## Available data
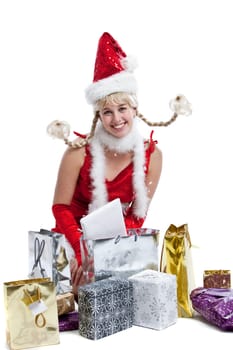 Cute young girl in christmas outfit with presents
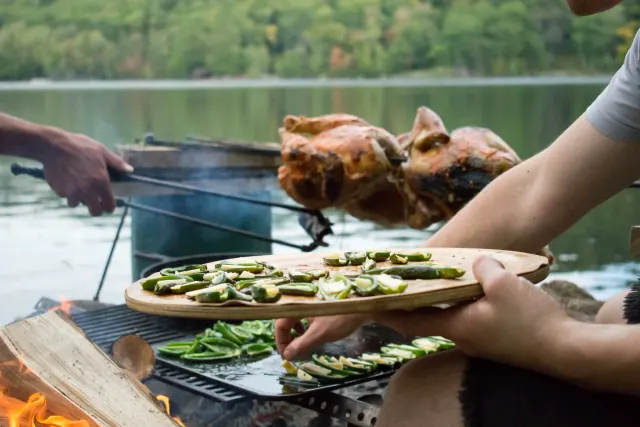 Hands at an open fire by a lake, peppers on a wooden board and a roast on the grill
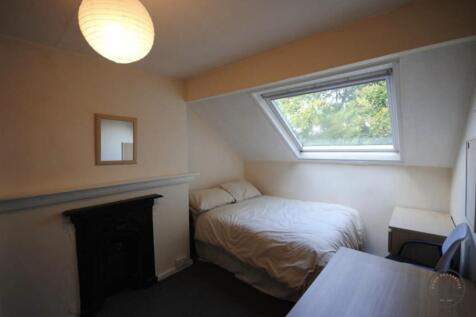 Cozy bedroom with a windowed dormer providing a...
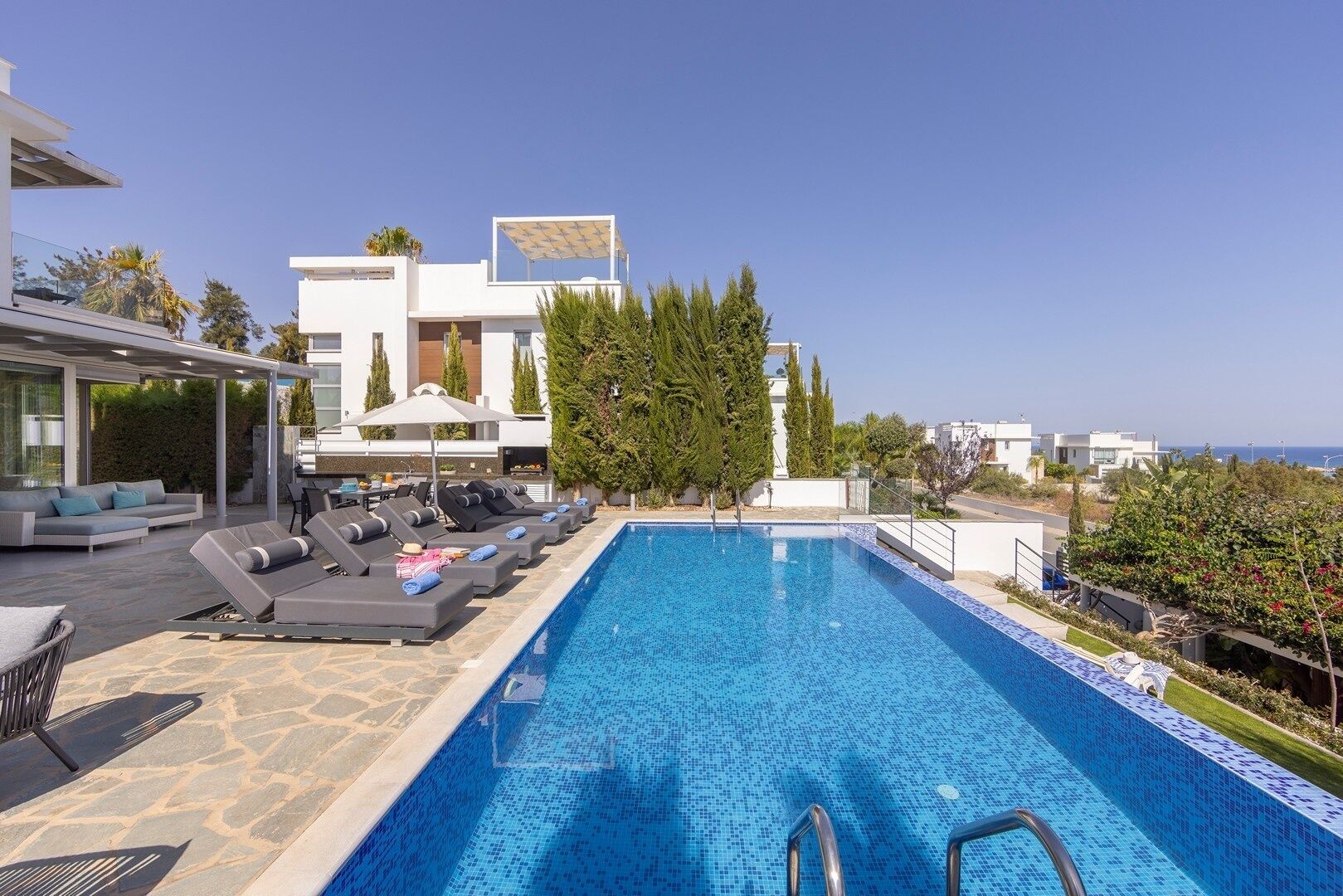 Un área de piscina moderna al aire libre con sillones de descanso y una parrilla, rodeada de árboles y edificios.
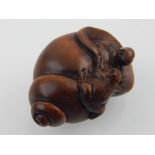 A Japanese carved boxwood netsuke modelled as a toad and tortoise in and upon a conch shell, bears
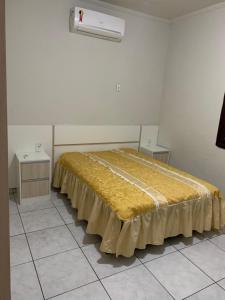 瓜鲁雅Linda casa de Veraneio的一张大床,房间带两张桌子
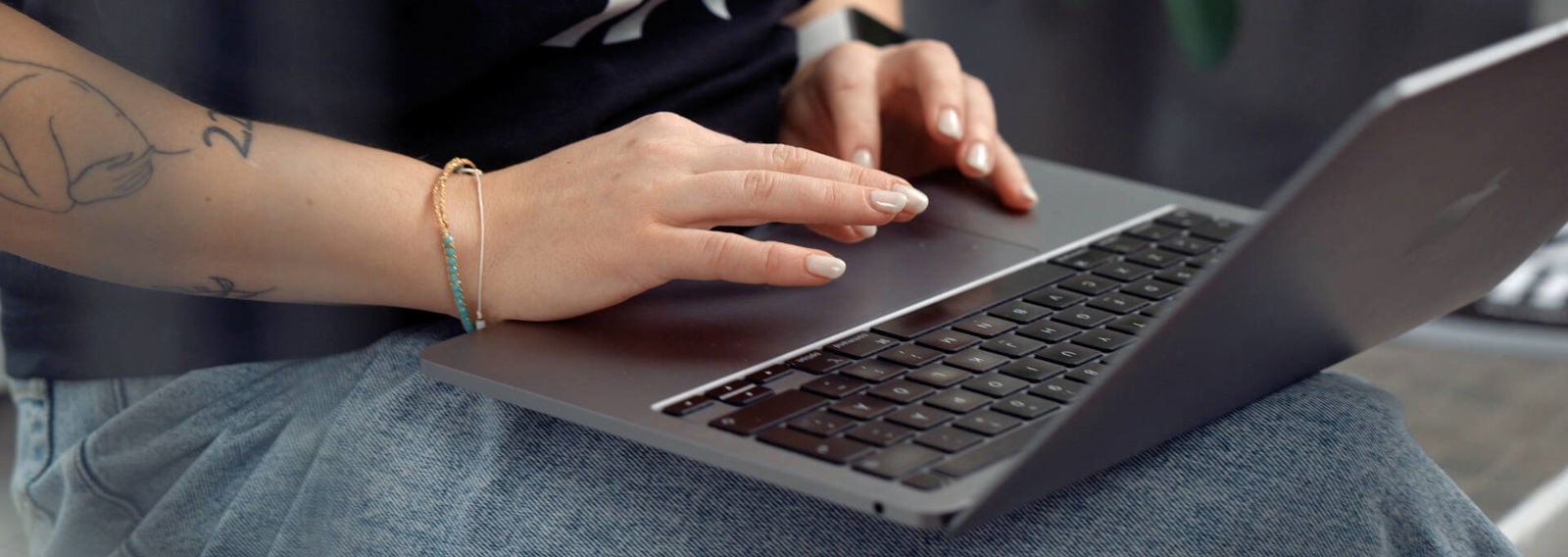 Hands on a computer keyboard.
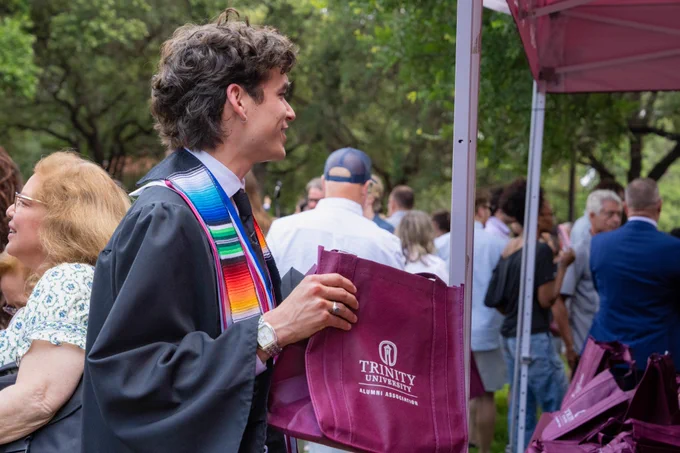 A graduate holds a maroon Trinity University swag bag outside.
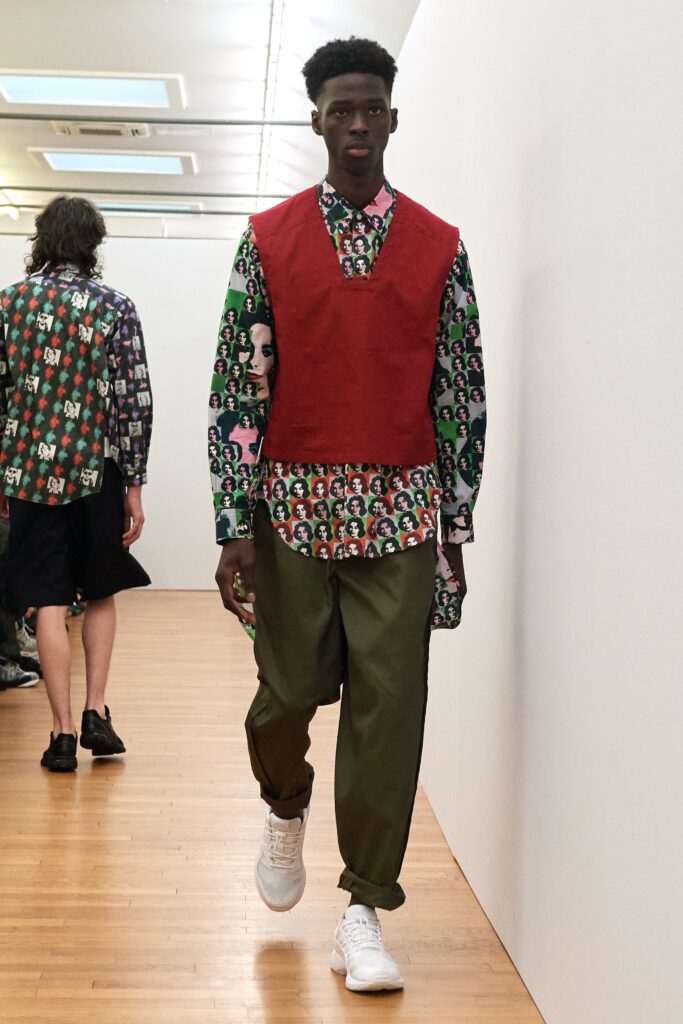 A relaxed red cotton vest worn over a long-sleeve printed shirt.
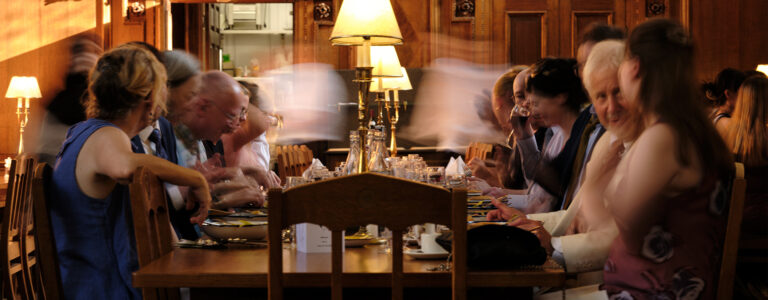 A group of people sit across from each other and eat a meal at a long table.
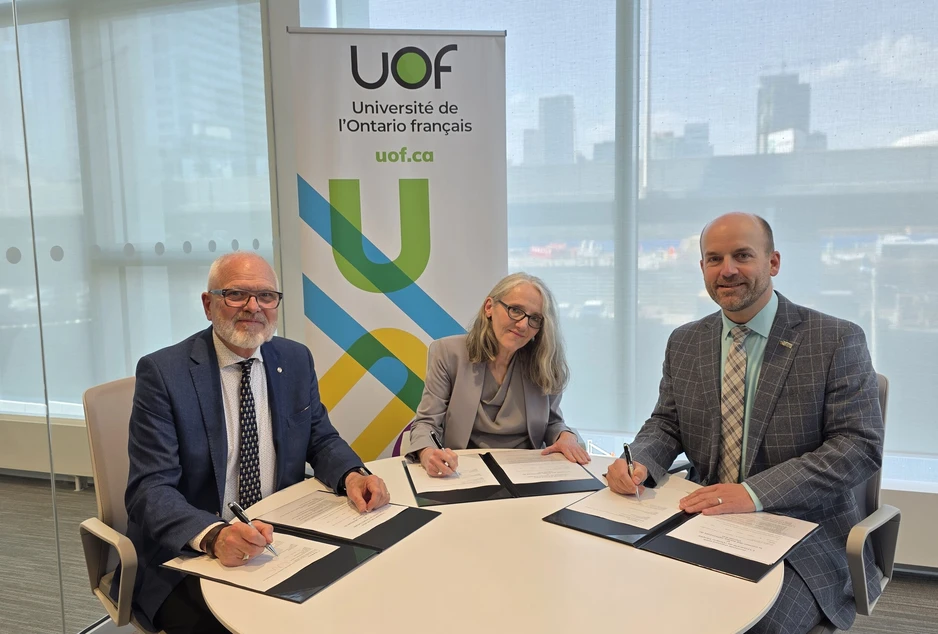 Marc Bertrand, directeur de l’éducation du CECCE, Normand Labrie, recteur et vice-chancelier de l’UOF, et Isabelle Dostaler, vice-rectrice aux études et à la recherche de l’UOF, sont assis autour d’une table et signent des documents officiels, devant une bannière de l’Université de l’Ontario français (UOF), dans un espace lumineux avec vue urbaine.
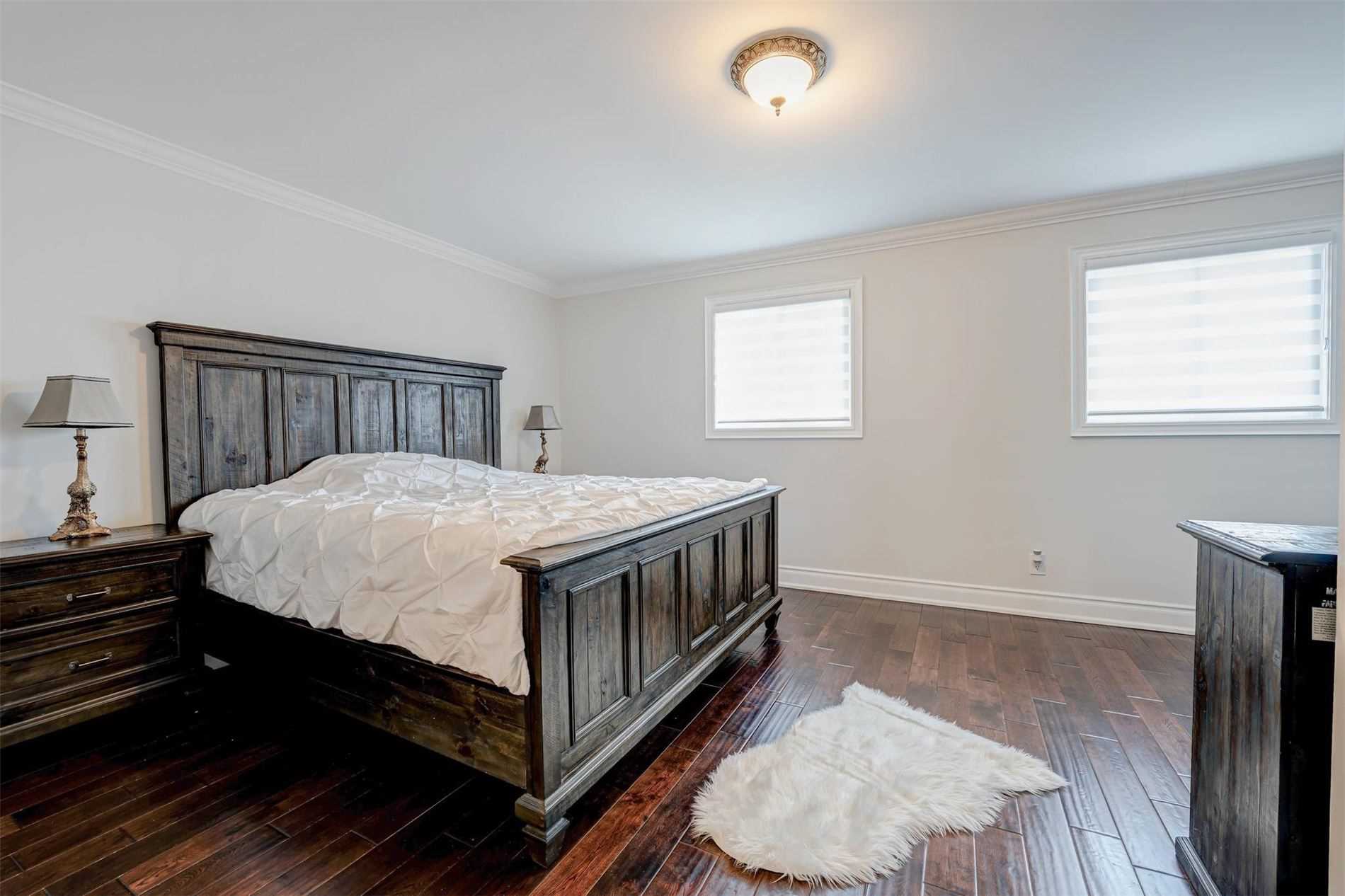 Primary bedroom with wooden bed frame and two windows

## What to do
Repeat exactly and only the lines from the start of the data above through the line that holds "A group of people", inclusive. Pictures do not belong in the copy.

## Exercise output
 Cute young girl in christmas outfit with presents
 Hands at an open fire by a lake, peppers on a wooden board and a roast on the grill
 Cozy bedroom with a windowed dormer providing a...
 Un área de piscina moderna al aire libre con sillones de descanso y una parrilla, rodeada de árboles y edificios.
 A Japanese carved boxwood netsuke modelled as a toad and tortoise in and upon a conch shell, bears
 瓜鲁雅Linda casa de Veraneio的一张大床,房间带两张桌子
 Hands on a computer keyboard.
 A graduate holds a maroon Trinity University swag bag outside.
 A relaxed red cotton vest worn over a long-sleeve printed shirt.
 A group of people sit across from each other and eat a meal at a long table.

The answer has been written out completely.